What the hell was going on?
She held one hand to her stomach. Sweat prickled on her brow. The sick feeling was back.
Although this time it was not only the cold. It was worry.
2
She heard footsteps outside the front door a few minutes later and went to open it. He was standing on the step, a shopping bag in each hand, a packet of pasta poking out of a hole in one of them. His face was flushed and he was breathing heavily.
Her chest tightened in alarm. He had sounded terrible on the phone, but he looked worse.
And not only was he not in the car. He was alone.
‘Matt,’ she said. ‘Where are the kids?’
He stepped into the house. His expression was rigid, but there was a wild look in his eyes. She realized with a start that it was fear.
‘Sit down,’ he said. ‘You need to sit down.’
‘I don’t need to sit down,’ she said. ‘Where are the kids? Tell me where the kids are!’
He took her elbow and guided her into the living room and onto the sofa. Her tea was still on the carpet beside it.
Matt sat next to her. He was no longer breathing heavily; now he was taking short, shallow breaths. It could have been the running, but it looked more like he was trying not to panic.
‘Matt,’ she said. ‘What’s going on?’
He blinked, his expression almost puzzled. He opened his mouth to speak, but
nothing came out.
‘Matt! Where are the children? Tell me!’
‘They’re gone,’ he said, his voice breaking. ‘The children are gone.’
Matt
She didn’t react for a few seconds, then, as the words registered, her mouth fell slightly open.
‘Gone?’ she said. ‘What do you mean gone?’

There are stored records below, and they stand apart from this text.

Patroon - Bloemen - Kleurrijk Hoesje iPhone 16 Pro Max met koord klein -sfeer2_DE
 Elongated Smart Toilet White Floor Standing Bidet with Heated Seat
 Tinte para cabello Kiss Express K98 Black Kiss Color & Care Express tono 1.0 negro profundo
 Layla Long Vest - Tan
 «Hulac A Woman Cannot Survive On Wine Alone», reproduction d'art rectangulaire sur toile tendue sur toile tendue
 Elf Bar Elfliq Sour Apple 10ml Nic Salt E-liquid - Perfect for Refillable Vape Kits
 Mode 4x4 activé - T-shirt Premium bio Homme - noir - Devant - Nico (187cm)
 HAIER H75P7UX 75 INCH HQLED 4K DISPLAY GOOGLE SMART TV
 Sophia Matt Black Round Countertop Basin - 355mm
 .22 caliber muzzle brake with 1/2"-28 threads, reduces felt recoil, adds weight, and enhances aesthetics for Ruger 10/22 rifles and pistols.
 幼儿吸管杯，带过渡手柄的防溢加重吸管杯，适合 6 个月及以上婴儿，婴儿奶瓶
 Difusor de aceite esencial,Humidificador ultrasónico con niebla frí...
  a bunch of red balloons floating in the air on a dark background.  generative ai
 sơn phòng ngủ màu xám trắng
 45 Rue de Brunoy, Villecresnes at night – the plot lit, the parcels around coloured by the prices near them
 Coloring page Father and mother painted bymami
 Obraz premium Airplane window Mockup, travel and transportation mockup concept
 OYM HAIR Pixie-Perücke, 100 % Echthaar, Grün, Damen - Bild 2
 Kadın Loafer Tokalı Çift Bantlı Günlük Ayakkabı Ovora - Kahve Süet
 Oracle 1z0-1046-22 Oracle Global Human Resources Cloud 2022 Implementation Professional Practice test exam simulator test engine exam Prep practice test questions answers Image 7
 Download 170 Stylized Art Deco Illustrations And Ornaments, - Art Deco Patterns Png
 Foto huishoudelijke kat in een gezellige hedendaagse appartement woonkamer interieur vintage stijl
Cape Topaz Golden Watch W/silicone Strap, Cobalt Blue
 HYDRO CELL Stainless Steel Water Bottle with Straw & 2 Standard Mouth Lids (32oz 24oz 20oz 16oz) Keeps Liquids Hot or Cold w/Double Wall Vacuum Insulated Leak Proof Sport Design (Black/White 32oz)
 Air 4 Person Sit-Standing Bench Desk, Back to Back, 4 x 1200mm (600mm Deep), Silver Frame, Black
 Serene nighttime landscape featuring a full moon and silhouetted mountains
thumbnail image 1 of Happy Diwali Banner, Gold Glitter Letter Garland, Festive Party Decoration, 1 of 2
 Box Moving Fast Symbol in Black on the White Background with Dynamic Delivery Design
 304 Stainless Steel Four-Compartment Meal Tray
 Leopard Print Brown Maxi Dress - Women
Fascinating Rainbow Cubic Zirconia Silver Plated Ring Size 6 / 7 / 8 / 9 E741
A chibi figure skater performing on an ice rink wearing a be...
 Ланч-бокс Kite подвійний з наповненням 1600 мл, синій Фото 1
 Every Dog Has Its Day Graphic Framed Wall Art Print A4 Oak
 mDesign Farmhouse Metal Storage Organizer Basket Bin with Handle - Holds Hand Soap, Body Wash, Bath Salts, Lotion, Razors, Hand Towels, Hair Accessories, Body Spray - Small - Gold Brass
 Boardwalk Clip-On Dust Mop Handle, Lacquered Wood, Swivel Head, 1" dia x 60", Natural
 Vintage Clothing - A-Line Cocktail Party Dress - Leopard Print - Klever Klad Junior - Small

He swallowed. His heart was racing and his mouth was dry and it was hard to speak. Annabelle was staring at him, her eyebrows knitted together in a deep frown.
‘I …’ he started, ‘I went into the shop to get the stuff. I left the kids in the car—’
‘Oh my God.’ Her eyes widened. ‘Matt. What happened?’
‘I wasn’t gone long, maybe only a few minutes. I checked out of the window and they were OK, but—’
‘Matt, what are you saying? Tell me what happened?’
‘—after I paid and went outside the car was gone.’
‘Gone?’ He could see his words were not fully sinking in. ‘How could the car be gone?’
‘Somebody took it. But – Annabelle. The kids were in it. They took the kids too.’
His wife didn’t answer. She folded her arms, then lifted one hand to her mouth, then put her hands in her lap.
‘What?’ she said, a barely controlled panic in her voice belying her attempts to compose herself. ‘What did you say?’
‘The car was gone. With the kids.’
‘Maybe they took off the handbrake and it rolled away.’
‘No. I checked.’
‘Maybe you didn’t check in the right place.’ She stood up. ‘We need to look for them. We can take my car. Maybe they drove it off somehow. Or the police moved it. If it was parked illegally the police may have moved it. Did you call them?’
‘No,’ he said. ‘I didn’t.’
‘You didn’t? Why not? We have to call them, now!’
‘We can’t.’
She was staring at him, her eyes wide, her nostrils flared. ‘Why not? Of course we can call the police. Our children are missing!’